[EDITORS' NOTE: THIS PAGE CONTAINS HEADNOTES. HEADNOTES ARE NOT AN OFFICIAL PRODUCT OF THE COURT, THEREFORE THEY ARE NOT DISPLAYED.] *Page 450 The defendant testified: "I gave Mr. Nichols part of the insurance." Nichols placed half of it with the American Underwriters' Fire Insurance Company of Monroe county and the other half with another company. Whilst Nichols solicted the business he did it as the ordinary insurance broker on his own account and not as the representative of a particular company. The defendant employed him to place the insurance, i e., to select the companies, instructing him to select old line, not assessment companies. It is established then beyond dispute from the lips of the defendant himself that in selecting the companies Nichols acted as his agent and in making the selection departed from his instructions. The case involves the ordinary transaction between an insurance broker and his customer. The customer instructed the broker to place the insurance with old line companies; the broker, departing from his instructions, procured and delivered policies of co-operative companies. The customer took the policies, paid the premiums, and for months had the protection of the insurance. The question is whether he can escape the liability assumed on the acceptance of the policy on the ground that his agent departed from his instructions in selecting a co-operative *Page 451 instead of an old line company to write the insurance. In my opinion an affirmative answer to that question will establish a dangerous rule.
It may be that Nichols represented the company in delivering the policy.
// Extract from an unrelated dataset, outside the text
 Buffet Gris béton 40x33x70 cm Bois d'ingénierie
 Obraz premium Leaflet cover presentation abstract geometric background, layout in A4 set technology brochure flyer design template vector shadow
But there is no claim of any misrepresentation as to the terms of the policy itself. The policy was the New York standard form of policy, precisely such a policy as would have been issued by an old line company. The defendant's liability to an assessment arose not from the terms of the policy but from the character of the company selected by Nichols and was imposed by section 268 of the Insurance Law (Laws of 1909, chapter 33). There was no suppression or misrepresentation by Nichols of any of the terms of the policy, and no such "inequitable, unfair or deceptive conduct" on his part as takes the place of positive fraud within the meaning of the cases cited by my brother CUDDEBACK. Nichols did not understand that the obligation of a member of a co-operative company was governed by said section of the Insurance Law. In that respect he made a mistake of law and that mistake of law led him to depart from his customer's instructions in the performance of an act done for the customer.
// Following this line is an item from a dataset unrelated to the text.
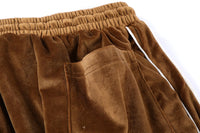 Retro Side Stripe Velour Sweatpants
There was no failure of the minds of the contracting parties to meet. The defendant knew that he had accepted a policy from the American Underwriters' Fire Insurance Company of Monroe county. Even if he had in fact been ignorant of the name of the company, as I have no doubt frequently happens, he would have been chargeable with the knowledge of his agent. That company intended to issue a policy to the defendant. The policy was in terms precisely such a policy as the company intended to issue and the defendant intended to receive, namely, a standard policy insuring the defendant against loss by fire to an amount not exceeding $500.00 on the property described in consideration of the stipulated premium of $17.50. It was such a policy as the company was authorized to write. *Page 452 Said section of the Insurance Law provides for the classification of the property or buildings insured and the issuance of policies "under different rates according to the risks from fire to which they may be subject," but it also provides that in case the amount of any loss or damage exceeds in amount the cash on hand, the directors or executive committee may borrow the money or "make an assessment upon all the property insured, pro rata, according to the classification or according to the amount insured, as may be provided in the by-laws sufficient to pay what the cash in hand falls short of paying, or for the whole loss or damages, as the directors or executive committee may decide to be for the best interests of the corporation." The by-laws of the company were printed on the back of the policy, and plainly disclosed that the company was a co-operative company and that it and its members were subject to the provisions of article IX of the Insurance Law. If the defendant mistook the character of the company his mistake was due either to his own carelessness or to the act of his own agent. Surely a party cannot avoid a contract on the ground that he was deceived by his own agent. The defendant may have supposed that the American Underwriters' Fire Insurance Company of Monroe County was an old line company, none the less he intended to accept a policy from that company. A misunderstanding as to the character of the company or a mistake of law as to the obligation imposed by statute on its members does not present a case of the failure of the minds of the parties to meet on the terms of the contract.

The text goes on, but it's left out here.